Un’eccezione ed i punti più significativi
Si è detto che quasi tutte le occorrenze si rifanno al frammento 3; l’unica che, fin’ora, è risultata chiaramente riferita ad un altro punto del poema dell’eleata è nell’esposizione della vacuità di Dio all’interno dell’intuizione cosmoteandrica, sempre nelle Gifford Lectures:

«Se Non-Essere ha un senso, significa che la nostra mente possiede uno strabiliante potere sull’Essere, dal momento che può addirittura negarlo. La dialettica è il trionfo su Parmenide: l’Essere è e Non-Essere non è. La nostra mente regna sovrana. Si può negare l’Essere. L’Essere deve obbedire ai dettami della mente: il pensiero comanda l’Essere» (RPOO X/1, p. 404).
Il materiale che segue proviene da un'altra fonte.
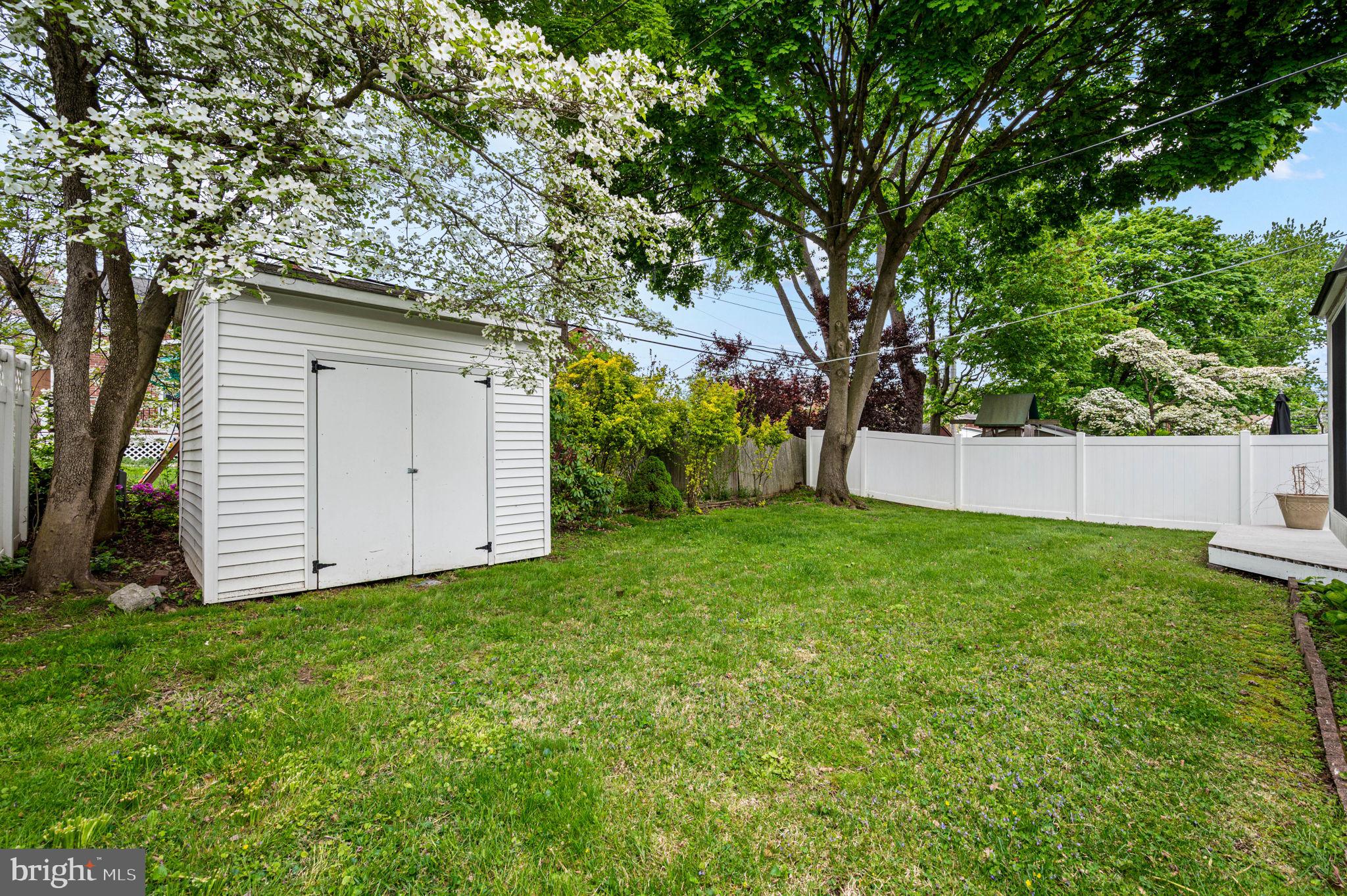 481 Maplewood Road Springfield, PA 19064 - Photo 29 of 31 a view of a backyard with barn and large trees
Qui la critica è al frammento 6, e sembra suggerire che nel portare alla massima conseguenza il potere del Pensiero sull’Essere è possibile negarlo – quasi la prospettiva inversa di quella stessa forza elenctica che invece dovrebbe rafforzarne la totale comprensibilità ed esistenza.
Ma le due occorrenze più significative di questo punto teoretico non è un caso siano entrambe non nelle Gifford Lectures, il testo più filosoficamente e teologicamente pregnante, bensì nel primo tomo del sesto volume, Pluralismo ed Interculturalità. La prima in ordine di significato è nella sezione dell’interculturalità, una lunga digressione in chiusura alla trascrizione della conferenza inaugurale ad un Congresso di Filosofia Interculturale nel 2004, ed in esso Panikkar ricostruisce l’evoluzione del dogma parmenideo sullo sfondo dei monoteismi storici occidentali. V’è una problematica in questo, che verrà indicata con maggior chiarezza in chiusura; in esso, però Panikkar è estremamente cristallino nel mostrare come secondo lui l’intera civiltà filosofica, culturale e scientifica occidentale sia costruita sulle fondamenta stabilite dal frammento 3 D-K.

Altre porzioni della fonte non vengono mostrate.